» **Task to complete**
Reproduce the full listing exactly.

» **Record extracts**
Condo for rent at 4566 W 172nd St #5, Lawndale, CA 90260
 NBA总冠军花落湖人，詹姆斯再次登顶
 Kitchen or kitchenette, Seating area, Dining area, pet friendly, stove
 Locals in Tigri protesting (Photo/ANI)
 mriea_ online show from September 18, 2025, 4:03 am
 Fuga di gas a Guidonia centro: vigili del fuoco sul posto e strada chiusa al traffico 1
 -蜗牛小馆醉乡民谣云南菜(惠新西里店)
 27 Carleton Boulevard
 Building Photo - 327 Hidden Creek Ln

» **Response to the task**
Condo for rent at 4566 W 172nd St #5, Lawndale, CA 90260
 NBA总冠军花落湖人，詹姆斯再次登顶
 Kitchen or kitchenette, Seating area, Dining area, pet friendly, stove
 Locals in Tigri protesting (Photo/ANI)
 mriea_ online show from September 18, 2025, 4:03 am
 Fuga di gas a Guidonia centro: vigili del fuoco sul posto e strada chiusa al traffico 1
 -蜗牛小馆醉乡民谣云南菜(惠新西里店)
 27 Carleton Boulevard
 Building Photo - 327 Hidden Creek Ln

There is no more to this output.